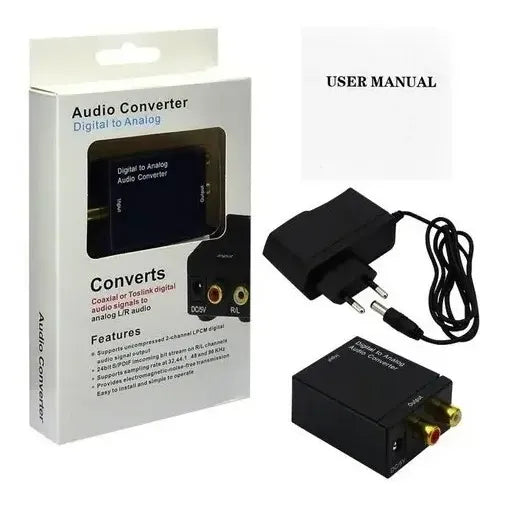 Adaptador Audio Óptico Digital A Análogo Rca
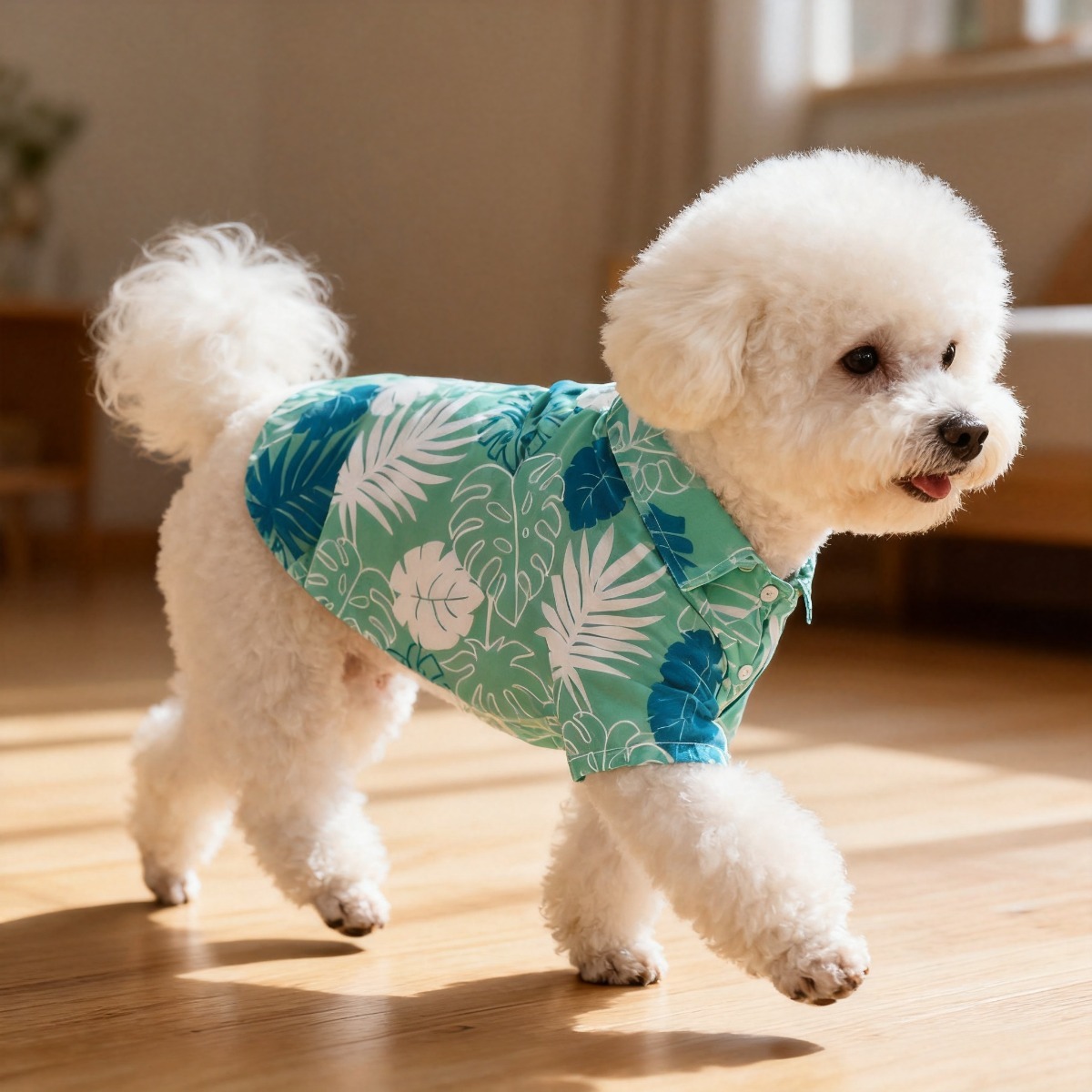 Chemise à fleurs pour chat, en - Summer Dog Clothing avis et prix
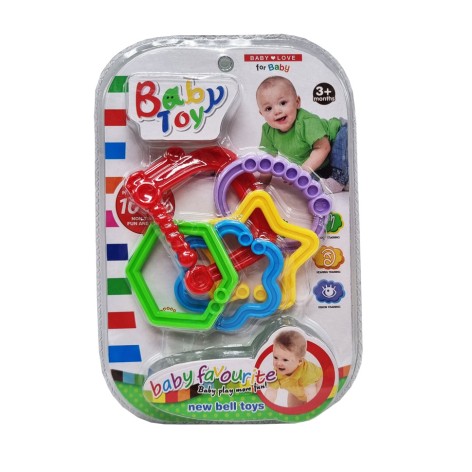 Погремушка детская 536-007, 5 видов Фигуры
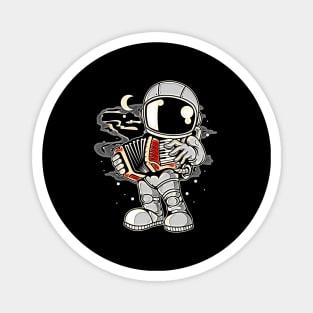 Astronaut Accordion • Funny And Cool Sci-Fi Cartoon Drawing Design Great For Any Occasion And For Everyone Magnet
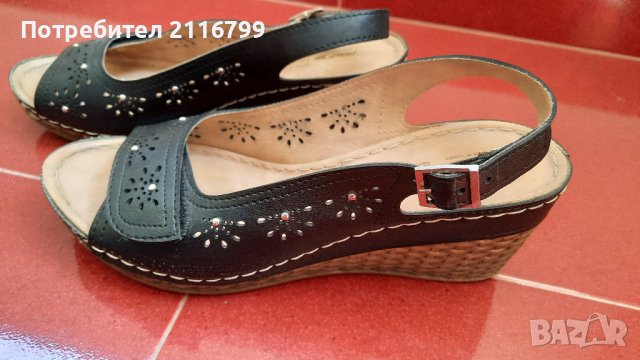 Дамски сандали естествена кожа, снимка 1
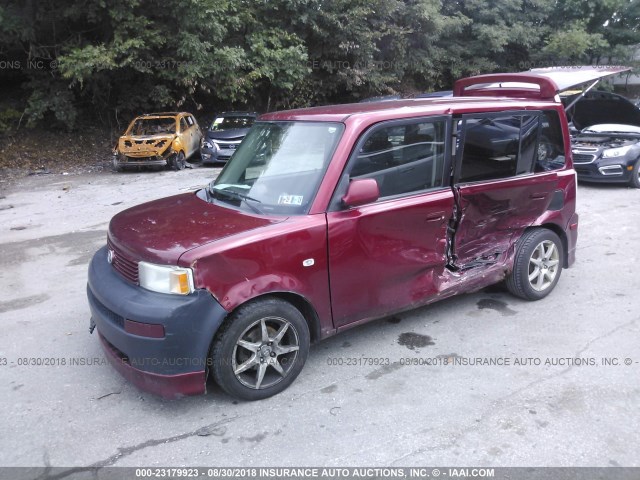 JTLKT324964117549 - 2006 TOYOTA SCION XB Бордовый фото 2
————————
Only the lines between the one containing "Дамски сандали естествена кожа, снимка 1" and the last line of the listing above, both included, should be written out, exactly and without pictures.

### [Written response]
 Дамски сандали естествена кожа, снимка 1
 JTLKT324964117549 - 2006 TOYOTA SCION XB Бордовый фото 2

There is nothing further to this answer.